■ Given data:
⟨

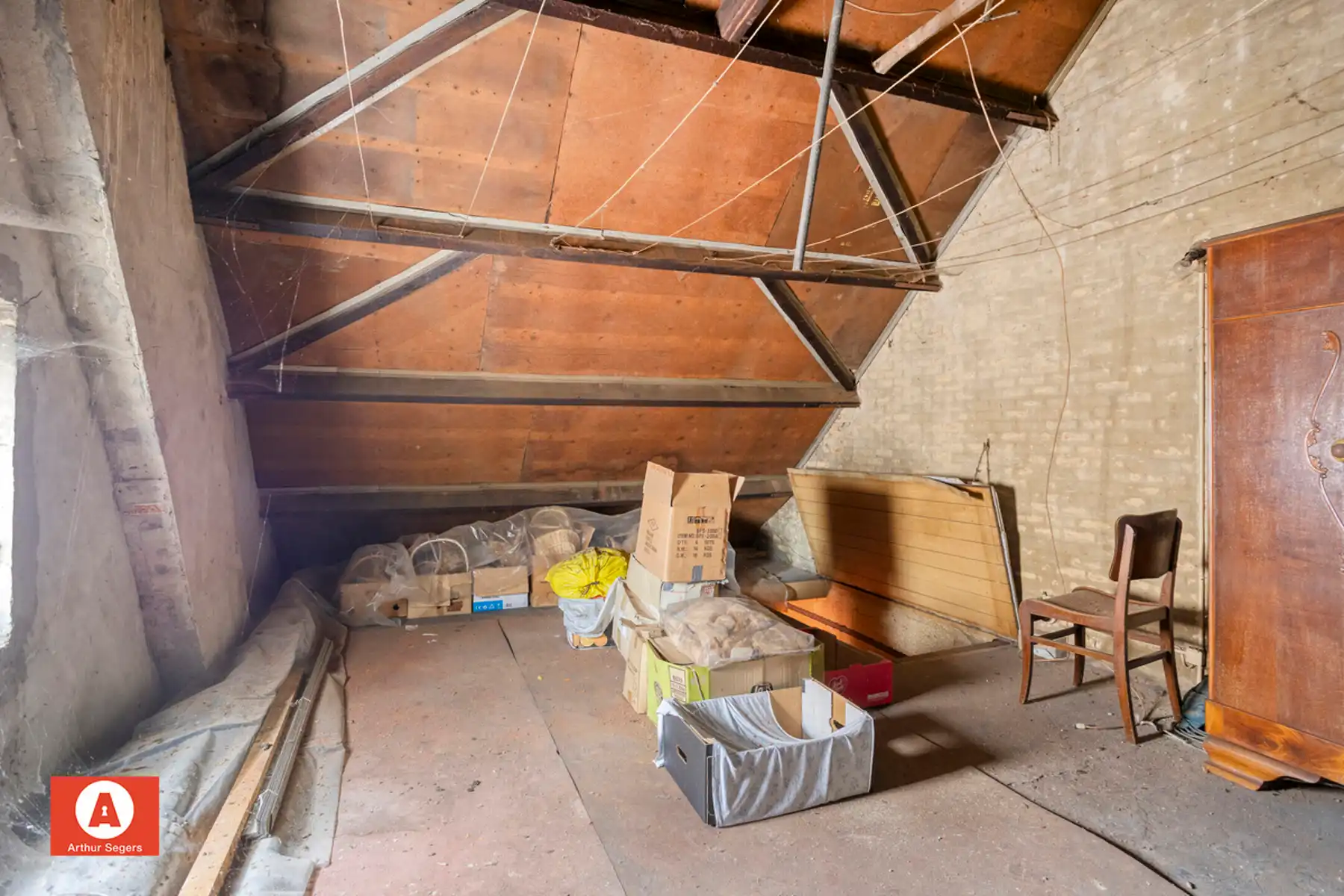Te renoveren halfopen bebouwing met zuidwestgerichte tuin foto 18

⟩
⟨

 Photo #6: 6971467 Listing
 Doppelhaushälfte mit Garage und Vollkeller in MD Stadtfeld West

⟩
⟨

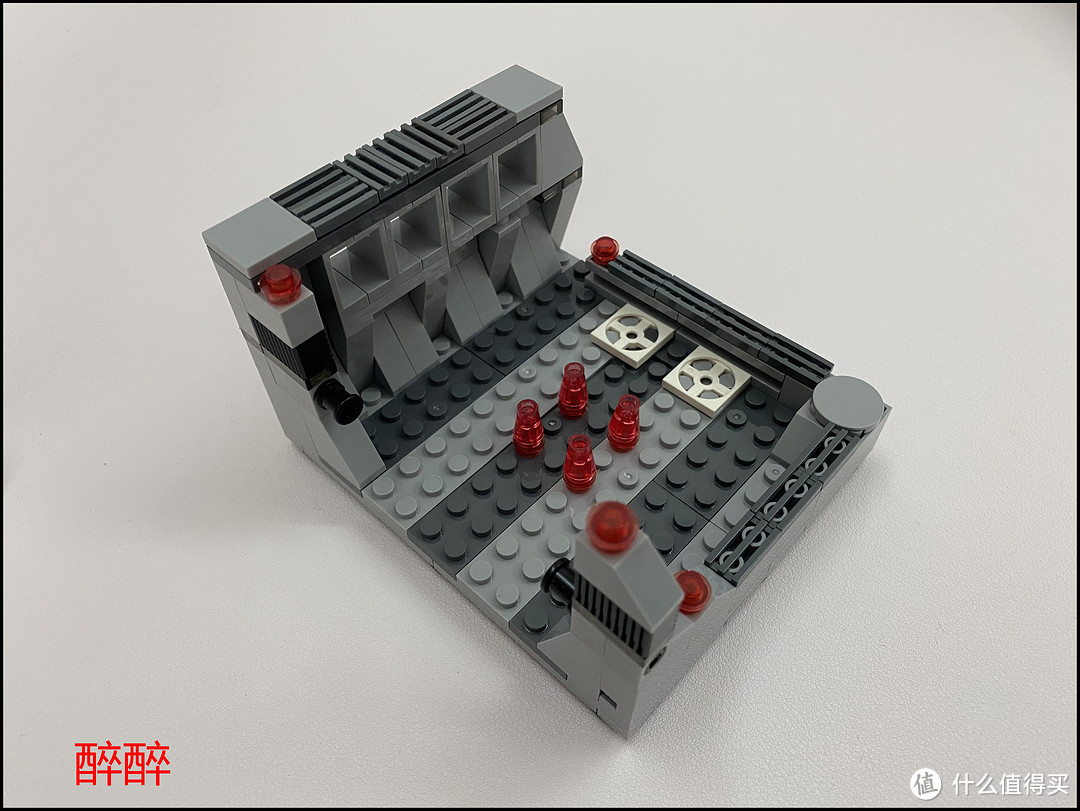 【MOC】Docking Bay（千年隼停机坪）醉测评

⟩

■ Work item: Taking the line with "Photo #6: 6971467 Listing" as the first and the line with "Doppelhaushälfte mit Garage" as the last, retype that stretch of the data above exactly, with no other lines.

■ Task result:
 Photo #6: 6971467 Listing
 Doppelhaushälfte mit Garage und Vollkeller in MD Stadtfeld West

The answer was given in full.